*DATASET EXCERPT:*
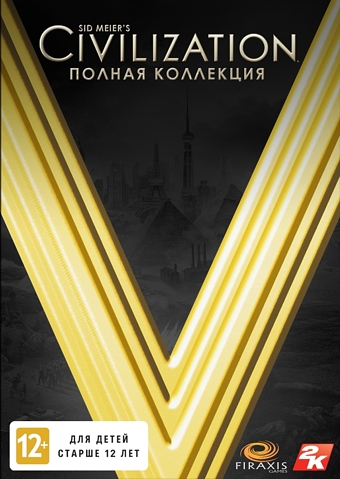 Sid Meier's Civilization V. Полная коллекция  лучшие цены на игру и информация о игре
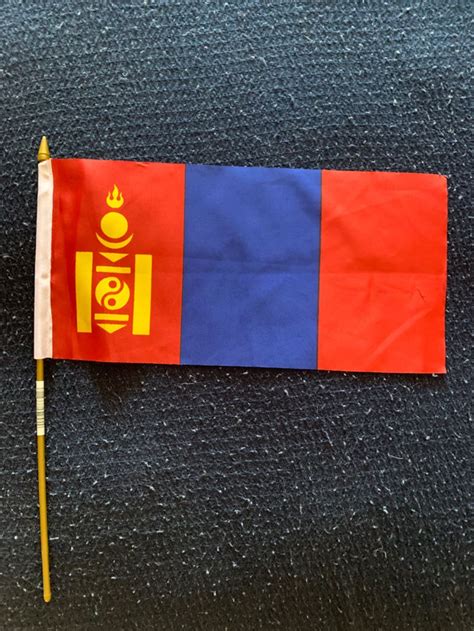 Flags of the World 🇲🇳 | Mongolia Flag Meaning & History - Koryo Tours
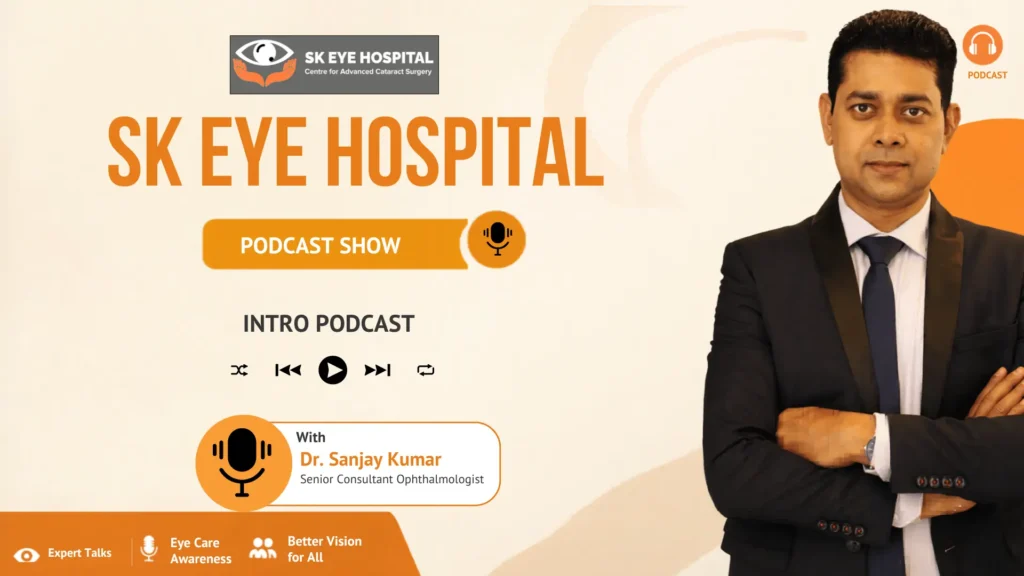 Best Ophthalmologist in Gunjur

*BRIEF:* Your answer should consist solely of the lines from the one holding "Flags of the" through the end of the listing, reproduced exactly and without pictures.

*SOLUTION:*
 Flags of the World 🇲🇳 | Mongolia Flag Meaning & History - Koryo Tours
 Best Ophthalmologist in Gunjur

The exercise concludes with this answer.